James veía el mundo real como un lugar opaco, aburrido, y trató de levantar uno "por el poder de su arte", explica Colm Tóibín en el prólogo a estos prefacios en la edición anglosajona 2011. En sus escritos se revela como un feliz-sufriente Prometeo. Como el artista que siempre se sintió extranjero al vivir entre dos mundos (EE.UU.y Europa) y con los cuales creó un tercero: sus narraciones. Por la rendija dejada por él en sus textos, se sabe que consideraba que el aire de realidad es la mayor virtud de una novela: "Si no existe ese mérito, todos los demás no son nada, y si se dan deben su efecto al éxito con que el autor ha producido la ilusión de la vida. El cultivo de este éxito y el estudio de este exquisito proceso constituyen el principio y el fin del arte del novelista. Son su inspiración, su inquietud, su recompensa, su tormento, su deleite. En verdad, aquí es donde él compite con la vida". El lo hizo como hijo del romanticismo. Y ahijado de Frenhofer, el pintor creado por Balzac en La obra maestra desconocida que quiso dar vida a su cuadro.

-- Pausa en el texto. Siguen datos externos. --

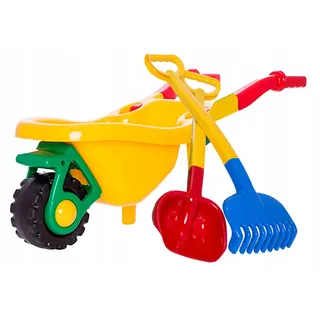Hemar Große Gelbe Sandkasten-Schubkarre Mit Schaufel Und Rechen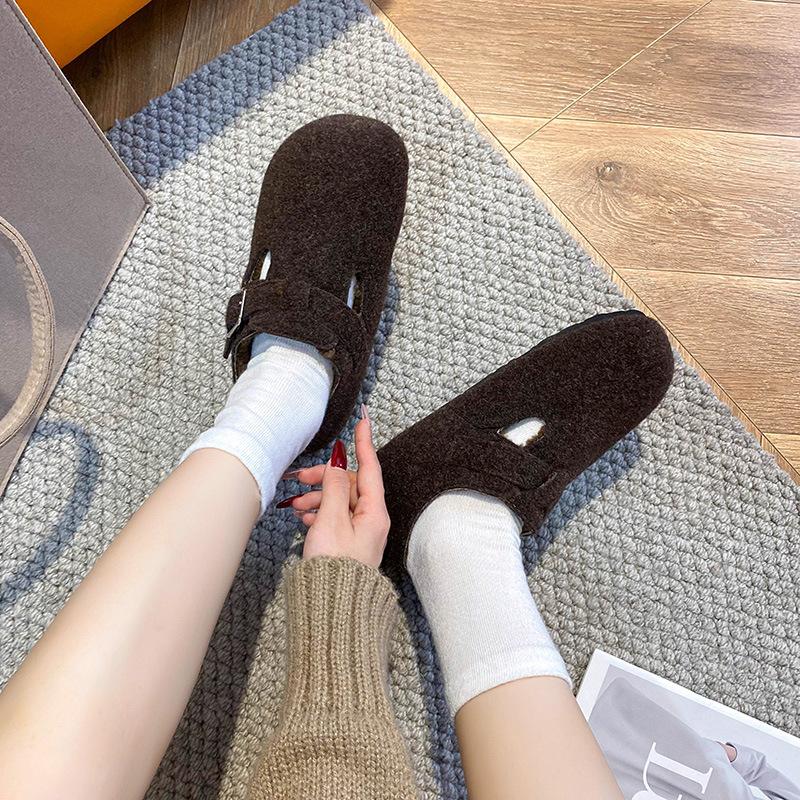 

A267 искусственная шерстяная шерсть теплая ленивый мешок голова пряжка одним словом с пушистой толстой подошвой 43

Es el primer novelista verdaderamente moderno en lengua inglesa, según David Lodge. Su mundo aflora en la memoria con historias que, un día, le exigen ser más reales de lo que fueron. Musa, lo llaman algunos como James, a la cual "el artista está condenado a estudiar ávidamente". En su amada Italia, en Florencia y Venecia, nacieron muchos de sus libros.
La búsqueda del artista absoluto es la que lleva a James a pensar que la novela es la forma artística más excelsa: "Como cualquier otro organismo vivo, es un ser vivo, completo y continuo, y, en la medida en que viva, descubriremos que, en cada una de las artes, existe algo de las demás". Solo que la novela cuenta con un ingrediente adicional : el gusto del lector a entrar en ella: "Parece ser que el hombre combina su eterno deseo de más experiencia con una destreza infinita para conseguir dicha experiencia con el mismo gasto posible. La robará siempre que pueda". Musas, autores y lectores como Prometeos. A las personas les gusta vivir la vida de los demás al ver que puede tener algo de la propia. Henry James vivió todo con intensidad. En soledad. Sobre todo cuando creyó morir aquel 5 de enero de 1895 y tras el estreno de su obra de teatro Guy Domville recibió cinco... 10... 15 minutos de abucheos... En su caída al infierno atisbó el paraíso en la historia de los dos niños huérfanos en una casa despojada de amor por el amor mismo. El destino ofrecía una nueva promesa de gloria. Así vinieron obras como Las alas de la paloma y La copa dorada, con la que cerraba su ciclo iniciado con Retrato de una dama. Un universo creado, sobre todo, desde su estudio londinense en Croisset, con el rumor del río que veía por la ventana, sin dejar de soplar cada frase como si fuera una llama que creara la vida.